WHAT THE TASK ASKS: After locating the line that holds "When & Where", repeat it and each following line exactly until the material ends, skipping pictures.

DATA SUPPLIED:
..............................
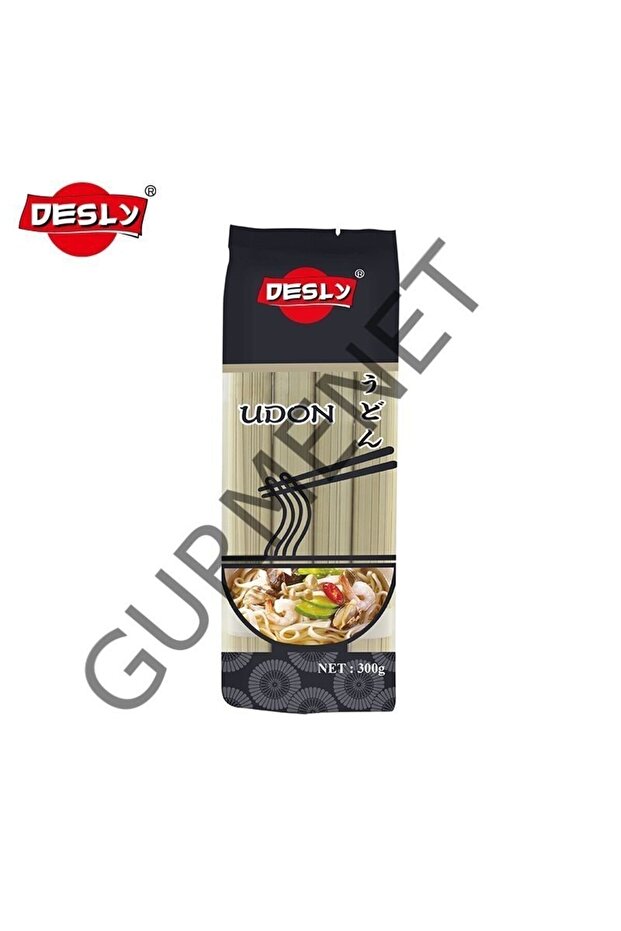 Udon Noodle 300 Gr. - 3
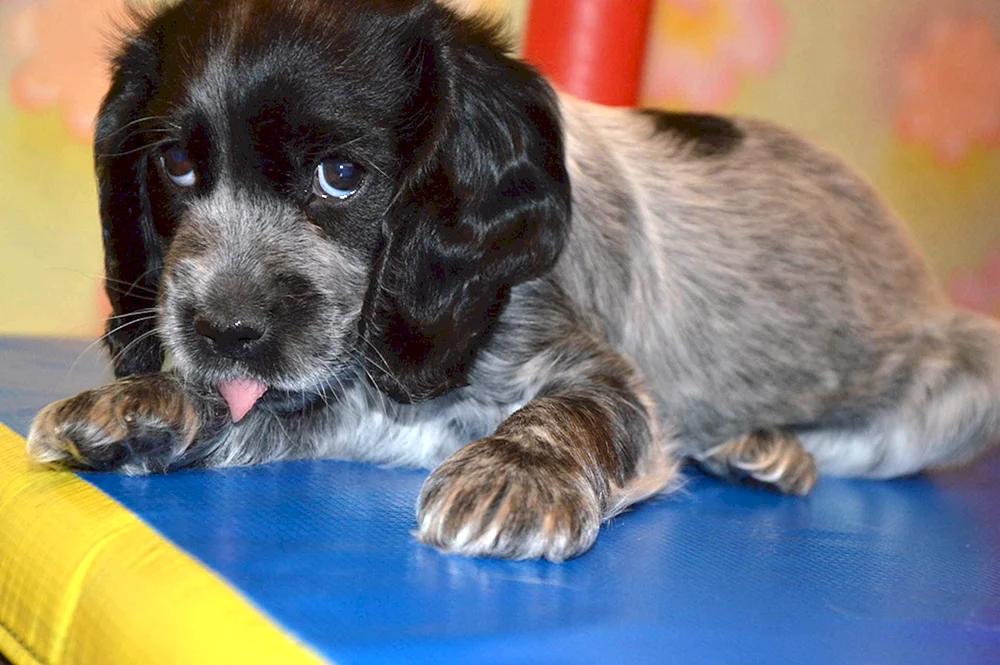 Russischer Spaniel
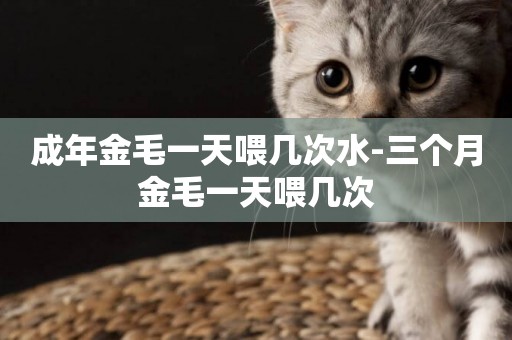 成年金毛一天喂幾次水-三個月金毛一天喂幾次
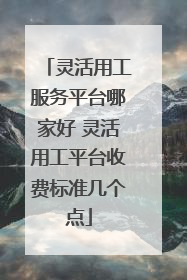 灵活用工服务平台哪家好 灵活用工平台收费标准几个点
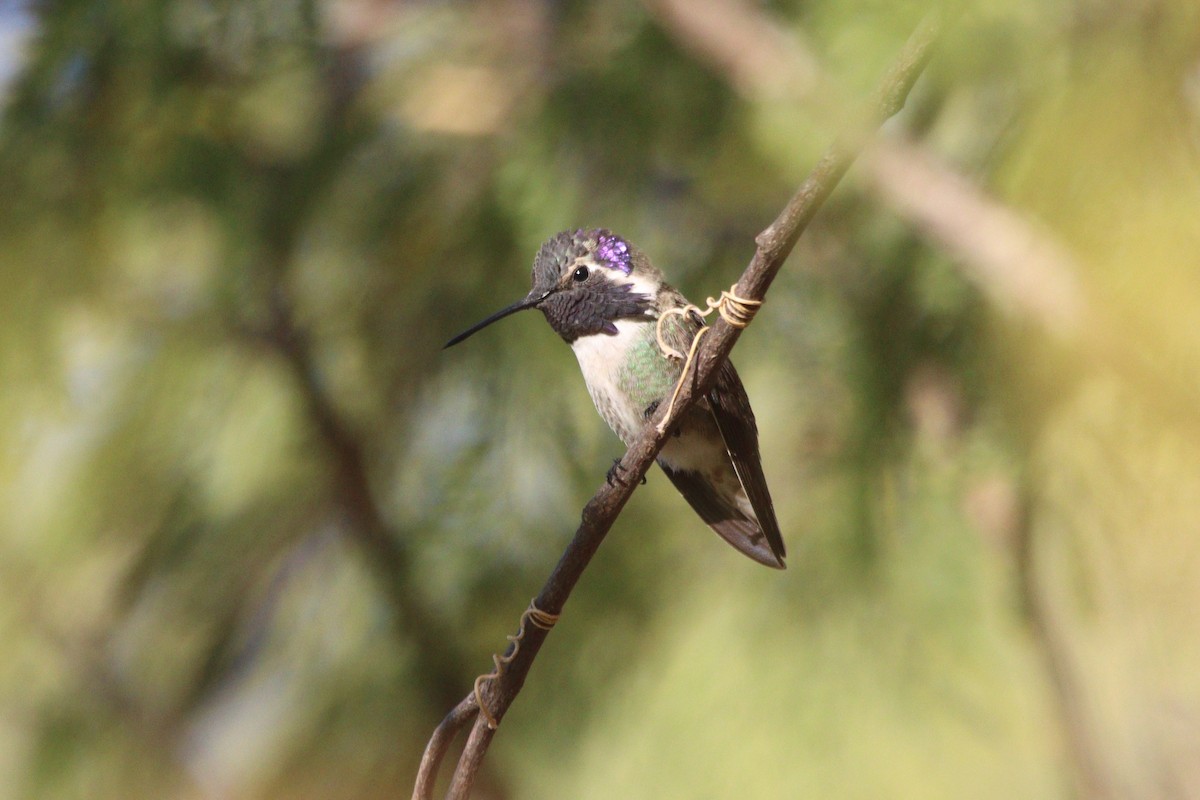 Costa's Hummingbird - ML614452953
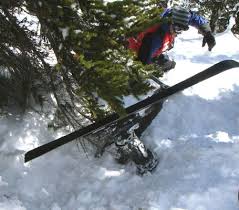When & Where :: Tree Well and Snow Immersion Suffocation (SIS)
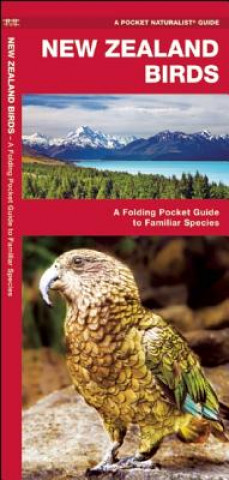 Knjiga New Zealand Birds James Kavanagh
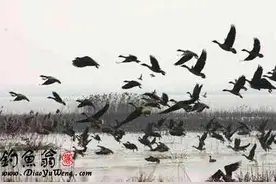 湖北最特殊的“飞地”：沉湖图片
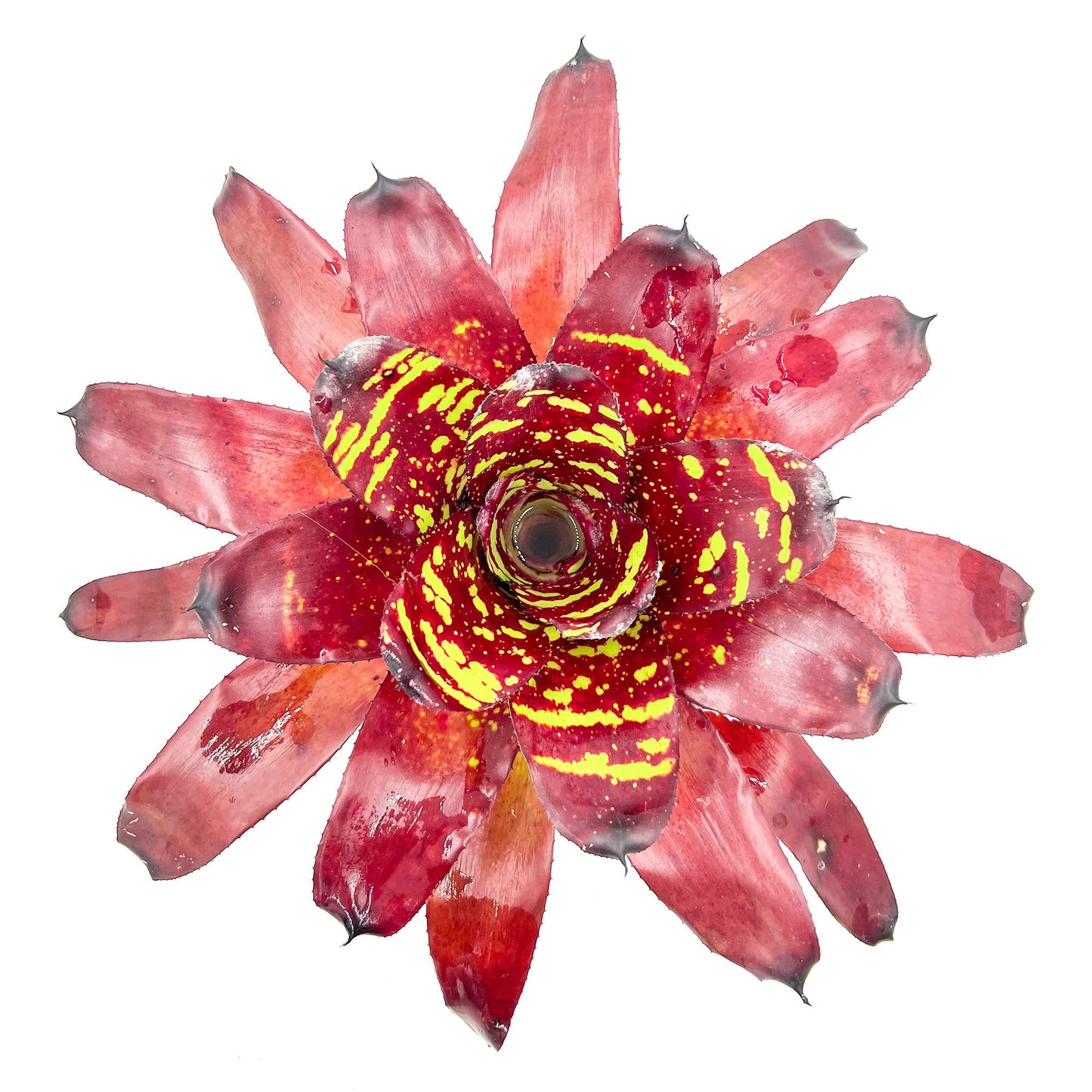 ragnaroc Live Plants - Bromeliad Neoregelia 'Green Eye', 16" Wide and 12" Tall in 6" Pot - 1ct - Live Arrival Guaranteed - House Plants for Home Decor & Gift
..............................
SOLUTION:
When & Where :: Tree Well and Snow Immersion Suffocation (SIS)
 Knjiga New Zealand Birds James Kavanagh
 湖北最特殊的“飞地”：沉湖图片
 ragnaroc Live Plants - Bromeliad Neoregelia 'Green Eye', 16" Wide and 12" Tall in 6" Pot - 1ct - Live Arrival Guaranteed - House Plants for Home Decor & Gift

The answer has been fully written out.